松屋長春の和菓子便り

尾張稲沢の和菓子店、松屋長春の毎日を皆様にお届けします。 末長くお付き合いをよろしくお願いいたします。



たんぽぽ

私たちに馴染みのある「たんぽぽ」。そろそろ開花の時期を迎える頃と思います。




「たんぽぽ」って実は在来種の「ニホンタンポポ」と外来種の「セイヨウタンポポ」とが混在しているんです。ご存知でしたでしょうか?
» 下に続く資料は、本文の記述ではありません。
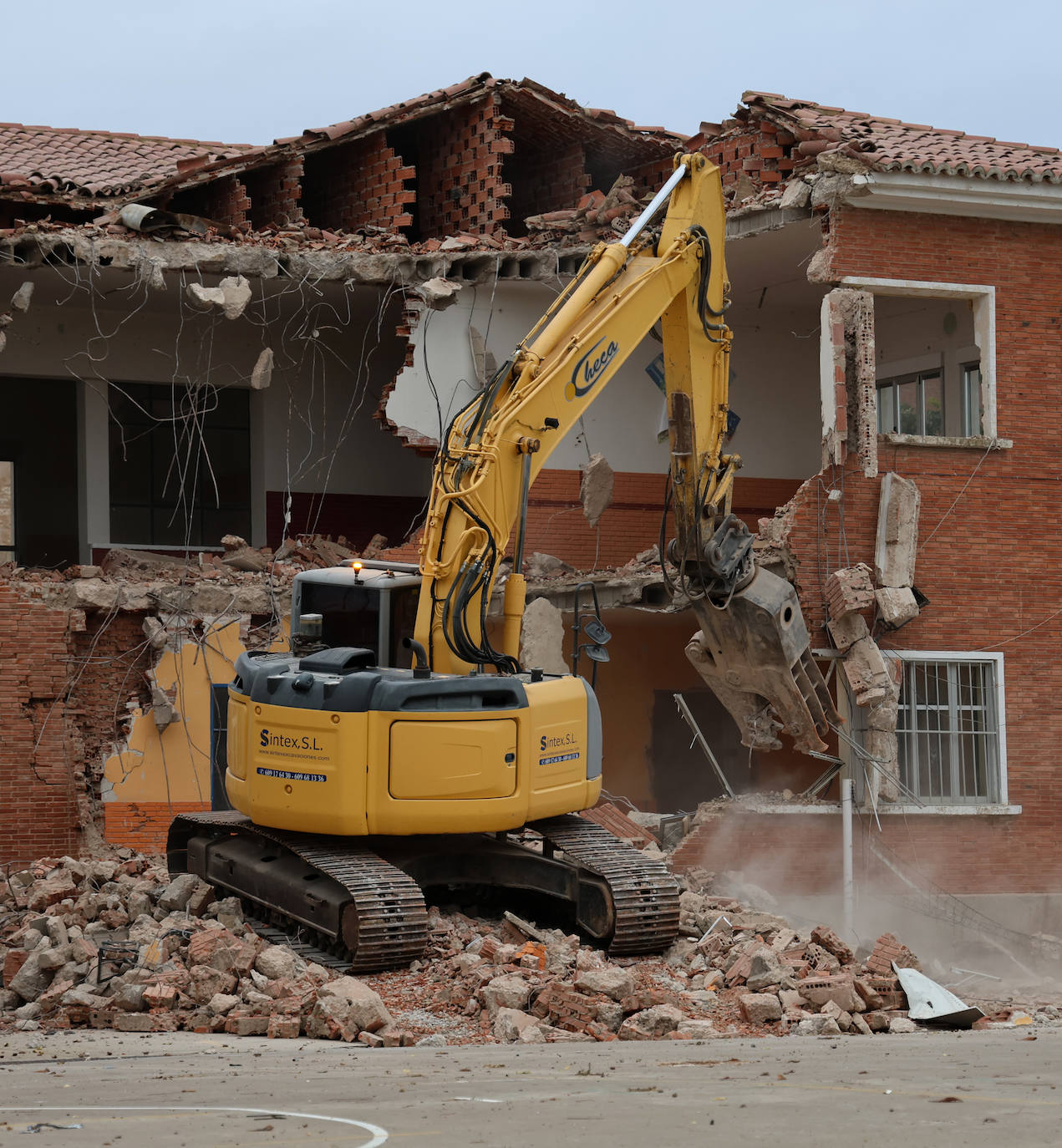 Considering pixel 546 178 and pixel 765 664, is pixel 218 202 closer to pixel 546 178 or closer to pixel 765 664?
pixel 546 178

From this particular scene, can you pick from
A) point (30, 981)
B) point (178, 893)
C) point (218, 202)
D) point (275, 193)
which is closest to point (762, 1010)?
point (178, 893)

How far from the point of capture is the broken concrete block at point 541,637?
15.5 meters

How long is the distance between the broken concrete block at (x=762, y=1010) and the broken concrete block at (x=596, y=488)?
8.68 m

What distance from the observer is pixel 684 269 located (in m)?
11.4

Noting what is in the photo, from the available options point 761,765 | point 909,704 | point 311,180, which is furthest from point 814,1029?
point 311,180

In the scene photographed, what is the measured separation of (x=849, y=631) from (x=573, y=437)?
418 centimetres

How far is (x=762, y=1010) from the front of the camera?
8.78 metres

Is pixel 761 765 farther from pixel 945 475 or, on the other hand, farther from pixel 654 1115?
pixel 654 1115

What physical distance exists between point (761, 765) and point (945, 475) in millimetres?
4311

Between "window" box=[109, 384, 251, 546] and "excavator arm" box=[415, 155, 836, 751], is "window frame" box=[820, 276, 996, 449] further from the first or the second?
"window" box=[109, 384, 251, 546]

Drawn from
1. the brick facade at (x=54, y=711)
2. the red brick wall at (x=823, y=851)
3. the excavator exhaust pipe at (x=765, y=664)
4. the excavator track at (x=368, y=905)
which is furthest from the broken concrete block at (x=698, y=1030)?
the brick facade at (x=54, y=711)

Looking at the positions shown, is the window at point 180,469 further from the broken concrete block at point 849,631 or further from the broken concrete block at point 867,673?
the broken concrete block at point 867,673

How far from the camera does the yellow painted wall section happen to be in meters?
14.9

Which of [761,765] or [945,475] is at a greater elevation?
[945,475] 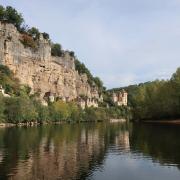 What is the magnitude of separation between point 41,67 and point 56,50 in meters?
17.0

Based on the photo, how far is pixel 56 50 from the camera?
130 metres

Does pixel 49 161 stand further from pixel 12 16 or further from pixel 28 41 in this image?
pixel 12 16

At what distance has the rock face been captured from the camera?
102 metres

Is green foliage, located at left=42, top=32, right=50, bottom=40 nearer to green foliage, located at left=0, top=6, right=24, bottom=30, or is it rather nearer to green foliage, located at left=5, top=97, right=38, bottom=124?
green foliage, located at left=0, top=6, right=24, bottom=30

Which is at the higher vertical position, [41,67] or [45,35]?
[45,35]

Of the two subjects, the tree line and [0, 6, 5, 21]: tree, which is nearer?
the tree line

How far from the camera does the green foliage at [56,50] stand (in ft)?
417

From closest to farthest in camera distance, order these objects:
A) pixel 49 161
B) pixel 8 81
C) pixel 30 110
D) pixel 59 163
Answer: pixel 59 163 → pixel 49 161 → pixel 30 110 → pixel 8 81

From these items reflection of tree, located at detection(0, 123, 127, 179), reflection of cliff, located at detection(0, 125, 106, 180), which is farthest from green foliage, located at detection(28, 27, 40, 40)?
reflection of cliff, located at detection(0, 125, 106, 180)

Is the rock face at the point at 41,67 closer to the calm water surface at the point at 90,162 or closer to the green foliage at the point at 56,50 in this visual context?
the green foliage at the point at 56,50

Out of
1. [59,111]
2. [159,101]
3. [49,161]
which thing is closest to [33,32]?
[59,111]

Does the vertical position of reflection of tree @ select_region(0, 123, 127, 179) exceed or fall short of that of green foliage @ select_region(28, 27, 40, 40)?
it falls short

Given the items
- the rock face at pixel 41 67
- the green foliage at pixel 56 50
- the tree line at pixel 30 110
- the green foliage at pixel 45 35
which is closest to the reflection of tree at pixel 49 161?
the tree line at pixel 30 110

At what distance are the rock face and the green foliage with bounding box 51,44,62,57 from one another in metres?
2.18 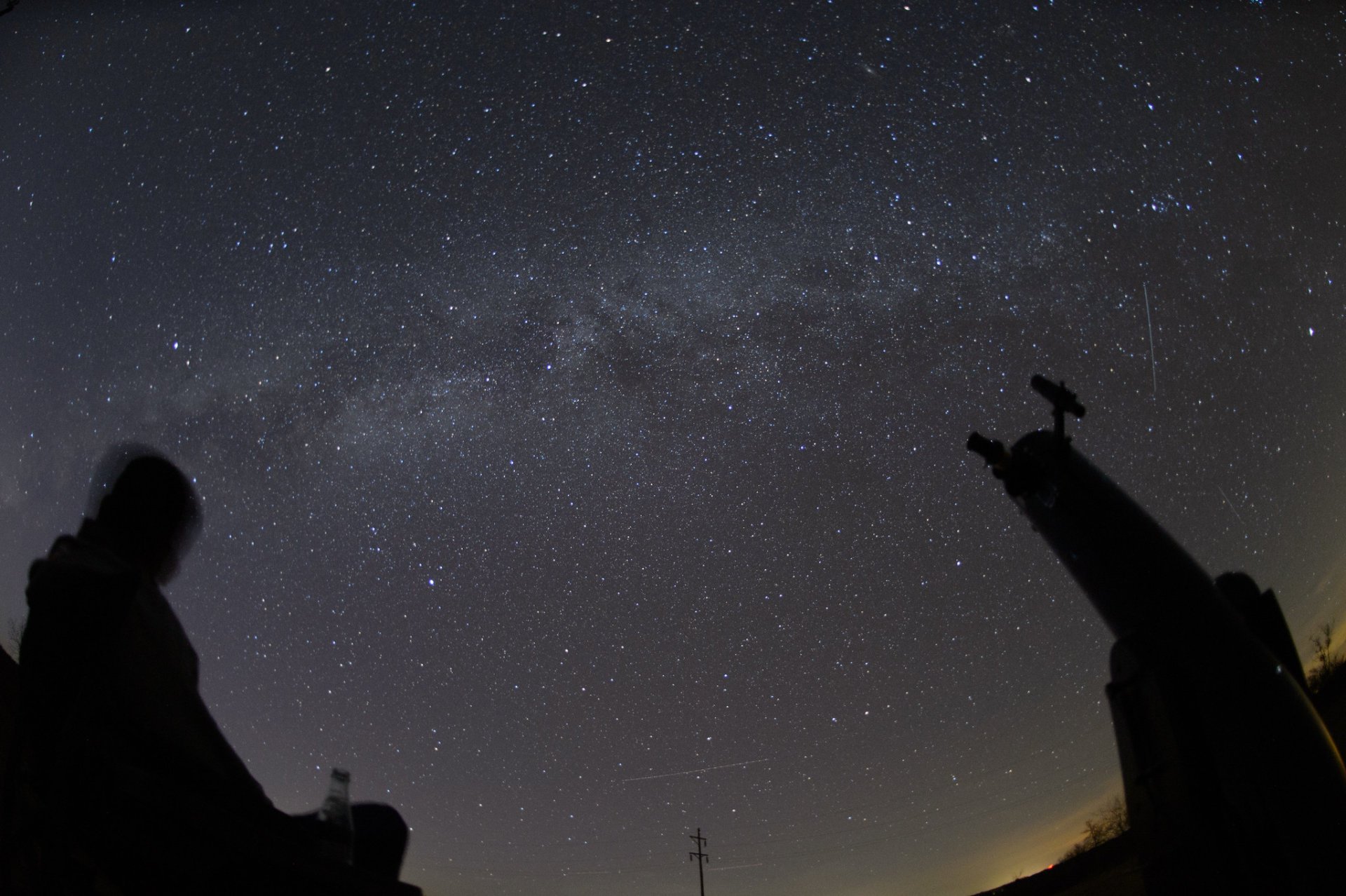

同じように見える「たんぽぽ」ですが、簡単な見分け方があります。




花をつまんで下側(花の裏側)を見てみてください。




総苞(そうほう)と言われる萼(がく)のような緑の部分があるのですが、真っ直ぐなのが「ニホンタンポポ」でペロんと反っているのが「セイヨウタンポポ」です。




私は春になると決まって「たんぽぽ」を見つけると、どちらなのか確認したくなるのですが、外来種の数がものすごく多い事に毎年驚かされます。




スミレもすすきもメダカもオオサンショウウオもザリガニも。




どうして外来種の方が強くなってしまうのでしょう。元来ある姿に戻っていけばいいのですが、なかなかの手強い問題であります。




前置きが長くなりました。




道明寺製の新作をつくりました。








優しい黄色にたんぽぽの焼印。可愛い和菓子です。

私からのご提案

昨日、今日と「草餅」の配達のご依頼があります。




表千家の先生からのご注文なのですが、稽古に使うものなので懐紙に和菓子が付いてしまってはいけません。




今回は草餅のお尻にきな粉をはらはらと付けてお届けしております。








よもぎときな粉はものすごく相性がいいんですよね。




松屋長春で販売している草餅にはきな粉は付けておりませんが、「わらび餅」や「うぐいす餅」が店頭に並んでおります。




もし、ご一緒にお買い求めいただきましたなら、「わらび餅」や「うぐいす餅」の残ったきな粉を少し付けてお召し上がりください。




草餅のいつもと少し違ったお召し上がりかた。私からの一つのご提案です。

おひなまつりの和菓子です

「ひちぎり」








おひなさんの和菓子です。




仕事に追われ、今年はお店に並べるのが少し遅れてしまいました。




宮中の行事が由来のこの「ひちぎり」。名前の通り、引きちぎってつくるのですが、いかんせん引きちぎった角の先の部分が非常に乾きやすい。




そんな理由から松屋長春では「ひちぎり」なのに引きちぎらずにつくっております。




本来の由来に思いを寄せつつ、お召し上がりくださいましたら嬉しく思います。